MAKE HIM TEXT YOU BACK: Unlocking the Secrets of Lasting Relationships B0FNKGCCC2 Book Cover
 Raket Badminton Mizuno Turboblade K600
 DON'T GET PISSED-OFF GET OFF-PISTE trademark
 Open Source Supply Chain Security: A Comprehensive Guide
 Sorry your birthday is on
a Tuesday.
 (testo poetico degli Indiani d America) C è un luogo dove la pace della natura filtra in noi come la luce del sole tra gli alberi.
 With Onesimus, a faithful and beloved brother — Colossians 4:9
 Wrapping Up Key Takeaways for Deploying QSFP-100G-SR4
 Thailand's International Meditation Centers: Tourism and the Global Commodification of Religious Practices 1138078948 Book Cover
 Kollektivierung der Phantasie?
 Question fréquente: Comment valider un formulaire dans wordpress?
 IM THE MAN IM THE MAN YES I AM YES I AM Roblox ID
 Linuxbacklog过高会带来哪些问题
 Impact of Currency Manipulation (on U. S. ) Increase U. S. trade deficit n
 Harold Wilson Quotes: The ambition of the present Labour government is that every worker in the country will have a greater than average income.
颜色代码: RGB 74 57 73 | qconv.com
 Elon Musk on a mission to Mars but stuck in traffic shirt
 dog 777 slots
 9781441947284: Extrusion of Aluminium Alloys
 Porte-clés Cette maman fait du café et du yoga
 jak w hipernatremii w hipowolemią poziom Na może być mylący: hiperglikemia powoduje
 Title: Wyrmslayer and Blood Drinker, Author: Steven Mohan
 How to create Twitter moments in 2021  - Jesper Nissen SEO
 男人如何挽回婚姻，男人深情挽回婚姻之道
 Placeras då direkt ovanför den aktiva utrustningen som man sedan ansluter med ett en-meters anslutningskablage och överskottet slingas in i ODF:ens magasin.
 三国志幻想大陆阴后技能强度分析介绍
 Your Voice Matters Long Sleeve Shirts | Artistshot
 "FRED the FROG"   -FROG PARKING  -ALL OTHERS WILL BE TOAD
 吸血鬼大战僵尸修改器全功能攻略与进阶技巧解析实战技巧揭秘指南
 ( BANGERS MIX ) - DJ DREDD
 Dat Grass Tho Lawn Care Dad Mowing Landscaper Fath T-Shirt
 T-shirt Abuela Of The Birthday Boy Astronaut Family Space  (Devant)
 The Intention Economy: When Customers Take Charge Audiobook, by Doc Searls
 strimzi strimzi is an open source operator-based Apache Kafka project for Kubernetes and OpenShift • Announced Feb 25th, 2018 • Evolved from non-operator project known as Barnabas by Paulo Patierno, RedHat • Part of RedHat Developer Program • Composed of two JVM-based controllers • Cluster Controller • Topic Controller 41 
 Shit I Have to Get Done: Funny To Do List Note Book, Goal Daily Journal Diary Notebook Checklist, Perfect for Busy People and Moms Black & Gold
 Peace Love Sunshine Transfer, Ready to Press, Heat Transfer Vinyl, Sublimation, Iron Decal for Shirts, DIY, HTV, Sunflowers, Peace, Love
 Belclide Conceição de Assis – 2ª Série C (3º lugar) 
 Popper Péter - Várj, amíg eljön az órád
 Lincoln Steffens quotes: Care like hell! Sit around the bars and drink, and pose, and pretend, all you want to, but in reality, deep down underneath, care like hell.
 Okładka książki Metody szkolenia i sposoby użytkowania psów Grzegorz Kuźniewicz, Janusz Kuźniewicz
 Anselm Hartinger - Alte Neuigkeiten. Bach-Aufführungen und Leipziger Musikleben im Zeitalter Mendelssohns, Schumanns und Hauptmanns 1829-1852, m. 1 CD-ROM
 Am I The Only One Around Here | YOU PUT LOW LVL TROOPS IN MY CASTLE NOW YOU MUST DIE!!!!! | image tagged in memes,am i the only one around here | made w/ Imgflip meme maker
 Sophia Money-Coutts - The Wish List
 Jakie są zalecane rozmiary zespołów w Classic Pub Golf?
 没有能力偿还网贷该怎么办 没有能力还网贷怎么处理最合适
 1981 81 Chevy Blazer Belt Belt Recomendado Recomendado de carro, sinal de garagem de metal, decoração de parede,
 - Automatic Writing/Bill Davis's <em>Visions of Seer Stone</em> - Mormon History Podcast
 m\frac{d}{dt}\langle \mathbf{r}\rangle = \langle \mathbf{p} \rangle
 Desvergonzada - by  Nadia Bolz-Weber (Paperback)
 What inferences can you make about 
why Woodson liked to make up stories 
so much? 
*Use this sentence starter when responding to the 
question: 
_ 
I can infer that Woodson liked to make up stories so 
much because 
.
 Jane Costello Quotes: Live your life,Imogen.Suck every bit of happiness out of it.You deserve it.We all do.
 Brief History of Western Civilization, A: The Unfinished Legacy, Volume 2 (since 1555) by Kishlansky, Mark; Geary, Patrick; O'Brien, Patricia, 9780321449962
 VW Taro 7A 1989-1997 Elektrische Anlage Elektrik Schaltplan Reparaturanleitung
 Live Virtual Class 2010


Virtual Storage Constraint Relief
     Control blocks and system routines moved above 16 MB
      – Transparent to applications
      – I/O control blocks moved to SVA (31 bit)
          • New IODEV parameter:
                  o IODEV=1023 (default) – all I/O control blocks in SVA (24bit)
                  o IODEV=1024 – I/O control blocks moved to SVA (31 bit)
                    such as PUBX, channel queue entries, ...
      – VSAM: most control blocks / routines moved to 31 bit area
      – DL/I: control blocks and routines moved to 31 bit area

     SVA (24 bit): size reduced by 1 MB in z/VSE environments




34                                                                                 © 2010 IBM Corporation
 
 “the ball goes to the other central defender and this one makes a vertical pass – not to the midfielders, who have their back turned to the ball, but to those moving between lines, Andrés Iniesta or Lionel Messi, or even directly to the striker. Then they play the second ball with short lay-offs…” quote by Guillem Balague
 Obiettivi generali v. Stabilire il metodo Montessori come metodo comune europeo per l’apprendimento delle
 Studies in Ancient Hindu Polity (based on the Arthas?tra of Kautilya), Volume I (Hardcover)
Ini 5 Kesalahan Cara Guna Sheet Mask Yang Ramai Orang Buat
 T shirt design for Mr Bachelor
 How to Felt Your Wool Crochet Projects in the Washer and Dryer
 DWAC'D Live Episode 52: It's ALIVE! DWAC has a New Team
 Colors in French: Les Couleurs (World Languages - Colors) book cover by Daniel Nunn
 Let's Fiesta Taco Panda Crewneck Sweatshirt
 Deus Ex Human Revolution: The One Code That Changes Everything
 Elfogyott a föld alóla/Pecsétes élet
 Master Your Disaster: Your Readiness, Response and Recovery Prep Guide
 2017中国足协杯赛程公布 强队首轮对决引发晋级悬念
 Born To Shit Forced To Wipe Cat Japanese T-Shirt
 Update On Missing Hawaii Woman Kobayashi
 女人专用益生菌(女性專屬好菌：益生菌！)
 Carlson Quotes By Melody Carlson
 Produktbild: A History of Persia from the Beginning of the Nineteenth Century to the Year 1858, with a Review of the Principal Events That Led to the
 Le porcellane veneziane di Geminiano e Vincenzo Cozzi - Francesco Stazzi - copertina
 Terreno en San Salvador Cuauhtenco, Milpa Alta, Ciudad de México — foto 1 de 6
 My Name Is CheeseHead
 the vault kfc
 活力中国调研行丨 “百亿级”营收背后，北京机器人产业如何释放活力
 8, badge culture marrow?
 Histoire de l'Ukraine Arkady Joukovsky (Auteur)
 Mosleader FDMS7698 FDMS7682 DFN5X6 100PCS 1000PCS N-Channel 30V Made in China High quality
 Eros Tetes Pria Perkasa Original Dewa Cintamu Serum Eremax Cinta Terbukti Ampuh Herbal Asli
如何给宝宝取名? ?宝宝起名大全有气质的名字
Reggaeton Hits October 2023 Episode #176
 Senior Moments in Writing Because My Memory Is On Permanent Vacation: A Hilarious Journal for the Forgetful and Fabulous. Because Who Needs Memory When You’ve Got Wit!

» **Work to complete**
For the records above, state how many lines contain "Woodson". Add nothing to the number.

» **Solution to this exercise**
2